Thinking about the Long-term Effect of the Air Ambulance Ruling
On January 31, 2018, the Austin Court of Appeals issued an opinion in PHI Air Medical v. Texas Mutual Insurance Co., et al. where the court reversed a trial court ruling that had recognized the Division’s jurisdiction to regulate air ambulance charges in the Texas workers’ compensation system. The Court of Appeals reached its decision by concluding two things: 1) that the Division’s jurisdiction was preempted by the Federal Airline Deregulation Act; and 2) that the ADA’s preemption of state law was not “reverse preempted” by the Federal McCarran-Ferguson Act.
McCarran-Ferguson is a Federal statute that precludes Congress from invalidating, impairing, or superseding any law enacted by any State for the purpose of regulating the business of insurance. Basically, McCarran-Ferguson commits the regulation of the business of insurance to the States and preempts the Federal government from interfering in those regulatory systems. The Court of Appeals concluded that the Texas Workers’ Compensation Act, and relevant Division of Workers’ Compensation rules, which impose caps on air ambulance fees, are not regulations having to do with “the business of insurance.”

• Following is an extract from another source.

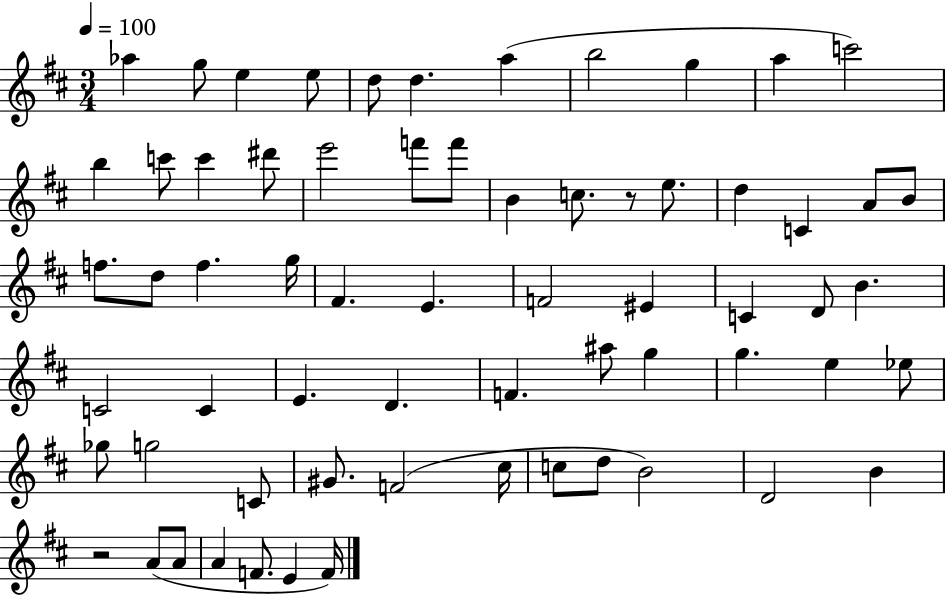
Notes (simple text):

Ab5/q G5/e E5/q E5/e D5/e D5/q. A5/q B5/h G5/q A5/q C6/h B5/q C6/e C6/q D#6/e E6/h F6/e F6/e B4/q C5/e. R/e E5/e. D5/q C4/q A4/e B4/e F5/e. D5/e F5/q. G5/s F#4/q. E4/q. F4/h EIS4/q C4/q D4/e B4/q. C4/h C4/q E4/q. D4/q. F4/q. A#5/e G5/q G5/q. E5/q Eb5/e Gb5/e G5/h C4/e G#4/e. F4/h C#5/s C5/e D5/e B4/h D4/h B4/q R/h A4/e A4/e A4/q F4/e. E4/q F4/s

In a column called “Is the Wall Strong Enough?” Thomas A. Robinson, a national commentator on workers’ comp issues, wonders whether this air ambulance decision (and other similar cases around the country) suggest that the barrier to Federal involvement in workers’ comp may be decaying.
Since its enactment in 1945, the MFA has provided safe cover for state regulators responsible for controlling and otherwise regulating the “business of insurance” at the state level. Many workers’ compensation practitioners and state administrators have assumed that because of the close interconnection between an employer’s obligation to provide workers’ compensation coverage for its employees and the state’s duty/obligation to regulate insurance carriers within its borders, that the MFA operates as a firewall between a state’s workers compensation law and the federal government. Yet, is that really true?
For example, could Congress establish a national standard mandating that impairment ratings for all injured workers must be established by utilizing the AMA Guides, Sixth Edition? Could Congress pass legislation requiring the utilization of particular medicine practice guidelines for injured workers (e.g., those established by the American College of Occupational and Environmental Medicine (ACOEM)? Could it legislate laws and/or rules governing the treatment of work-related back injuries by chiropractors? Could it establish some sort of mandatory national drug formulary for use in cases involving employee injuries and/or occupational diseases?
Note that my question is not should Congress do so, or even does Congress desire to do so? Rather, my question—and I admit that based on my own research, I don’t fully know the answer yet—is could Congress make such laws?